_WHAT IS EXPECTED_: Transcribe the listing that follows in full, omitting pictures.

_PROVIDED DATA_:
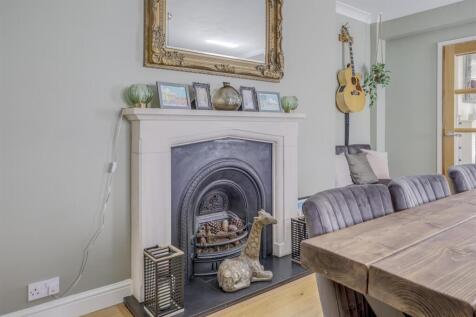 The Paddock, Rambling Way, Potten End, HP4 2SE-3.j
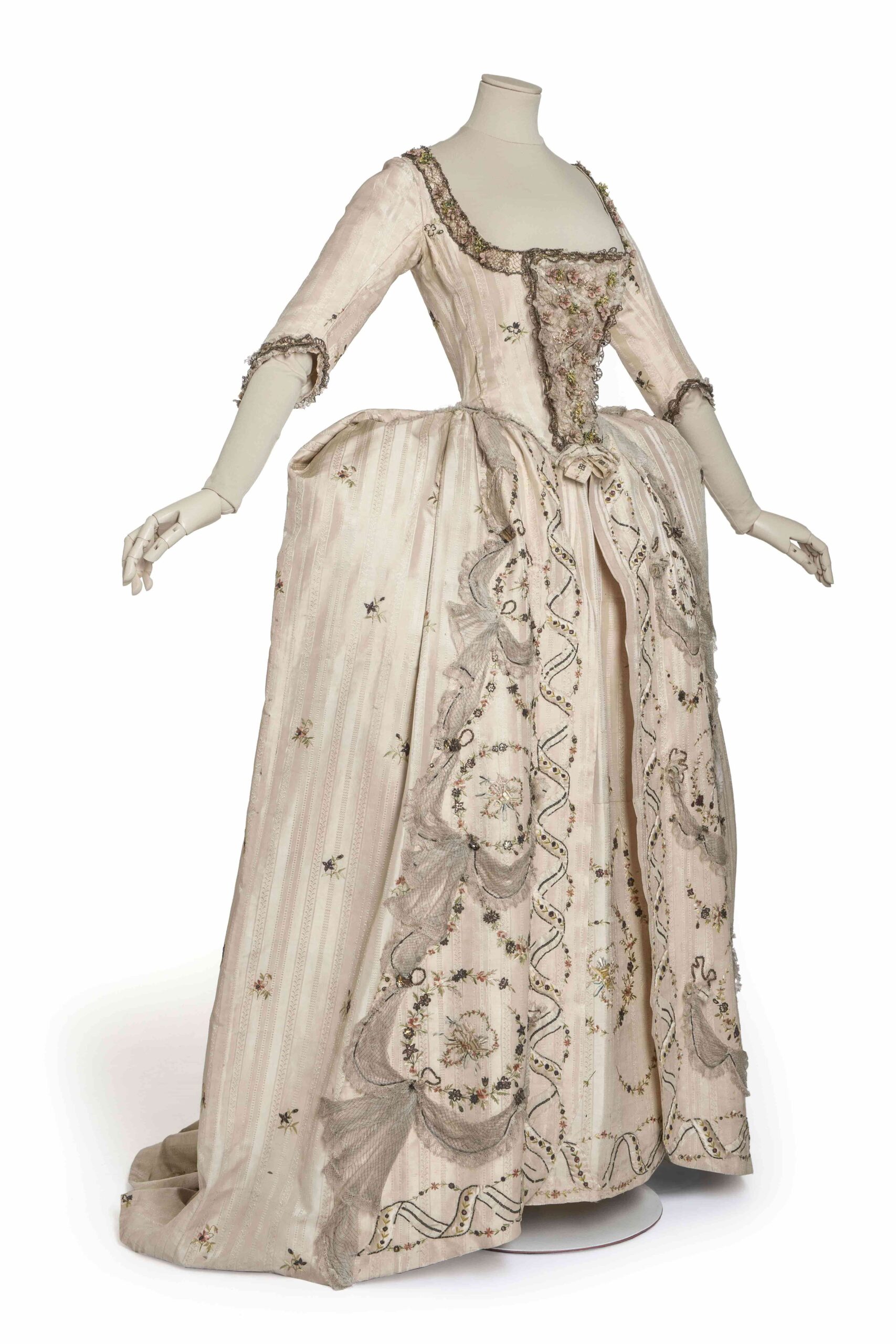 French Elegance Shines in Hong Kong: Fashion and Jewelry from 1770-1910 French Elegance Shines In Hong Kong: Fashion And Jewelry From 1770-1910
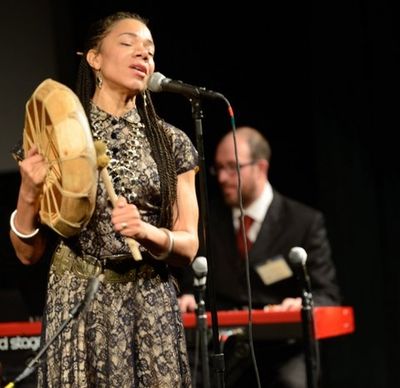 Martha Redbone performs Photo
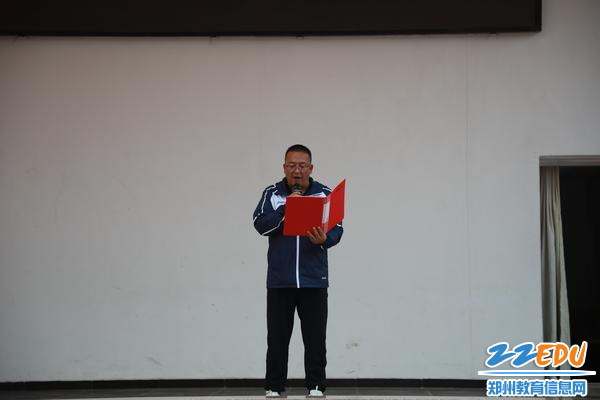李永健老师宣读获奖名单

_ANSWER TO THE PROBLEM_:
 The Paddock, Rambling Way, Potten End, HP4 2SE-3.j
 French Elegance Shines in Hong Kong: Fashion and Jewelry from 1770-1910 French Elegance Shines In Hong Kong: Fashion And Jewelry From 1770-1910
 Martha Redbone performs Photo
李永健老师宣读获奖名单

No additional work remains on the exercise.